Of the 27 824 eligible patients, 240 (0.9%) underwent SLNB. One hundred and seventy-eight patients (0.6%) without SLNB had nodal recurrence. Of the 4848 patients with a pT1b lesion, 166 (3.4%) had SLNB with 12 (7.2%) positive; of the remainder, 99 (2.1%) had clinical recurrence. Risk of recurrence was higher in males, nodular subtype and T1b lesions and lower if patients were aged >60 years. The 5-year MSS was similar for observed and SLNB cohorts (99.66% versus 98.92%) but worse for T1b lesions (98.90%) and clinical nodal recurrence (66.89%).
Overall prognosis for T1 melanoma is excellent with nodal involvement being rare. However, the American Joint Committee on Cancer 8th Edition T1b melanoma correlates with significantly worse 5-year MSS and increased regional nodal recurrence (notably for 0.8-1.0 mm lesions with ulceration). Further characterization of high-risk groups for nodal positivity that impacts patient outcome is needed for the pT1 melanoma cohort.
对于薄型皮肤黑色素瘤,区域淋巴结的最佳管理尚不确定。我们评估了原发性薄型(≤1毫米)黑色素瘤患者的区域淋巴结受累情况及5年黑色素瘤特异性生存率(MSS)。

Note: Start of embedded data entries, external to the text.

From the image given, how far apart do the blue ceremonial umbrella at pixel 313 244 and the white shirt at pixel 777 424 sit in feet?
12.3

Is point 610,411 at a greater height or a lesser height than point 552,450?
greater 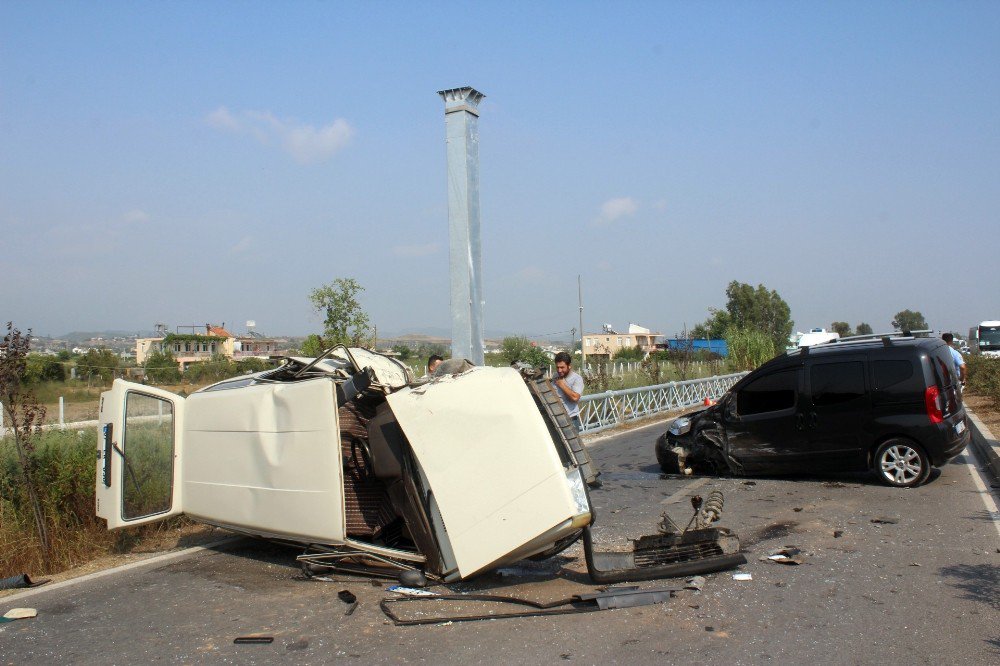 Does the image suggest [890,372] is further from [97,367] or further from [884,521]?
[97,367]

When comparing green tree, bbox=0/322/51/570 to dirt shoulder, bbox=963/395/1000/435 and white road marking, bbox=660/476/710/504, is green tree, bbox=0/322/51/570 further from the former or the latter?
dirt shoulder, bbox=963/395/1000/435

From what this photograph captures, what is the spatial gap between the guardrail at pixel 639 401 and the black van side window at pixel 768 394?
6725 millimetres

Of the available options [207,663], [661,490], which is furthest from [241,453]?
[661,490]

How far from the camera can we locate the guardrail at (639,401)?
19.6 metres

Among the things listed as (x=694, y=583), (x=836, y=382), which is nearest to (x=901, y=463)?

从昆士兰肿瘤登记库中识别出2001年至2015年期间诊断为黑色素瘤、美国癌症联合委员会第8版分期为pT1a(<0.8毫米)或pT1b(溃疡;和/或0.8 - 1.0毫米)的患者。我们提取了人口统计学、病理学和临床细节,包括前哨淋巴结活检(SLNB)、区域淋巴结清扫和淋巴结复发情况。采用泊松回归评估未接受SLNB患者的复发风险。使用Kaplan - Maier方法计算5年MSS,并采用Cox回归根据SLNB情况比较生存结局。
在27824名符合条件的患者中,240名(0.9%)接受了SLNB。178名(0.6%)未接受SLNB的患者出现淋巴结复发。在4848名pT1b病变患者中,166名(3.4%)接受了SLNB,其中12名(7.2%)为阳性;其余患者中,99名(2.1%)出现临床复发。男性、结节型亚型和T1b病变患者的复发风险较高,而年龄>60岁的患者复发风险较低。观察队列和SLNB队列的5年MSS相似(99.66%对98.92%),但T1b病变患者(98.90%)和临床淋巴结复发患者(66.89%)的5年MSS较差。
T1期黑色素瘤总体预后良好,淋巴结受累罕见。然而,美国癌症联合委员会第8版T1b期黑色素瘤与5年MSS显著较差及区域淋巴结复发增加相关(特别是对于有溃疡的0.8 - 1.0毫米病变)。对于pT1期黑色素瘤队列,需要进一步明确影响患者结局的淋巴结阳性高危组特征。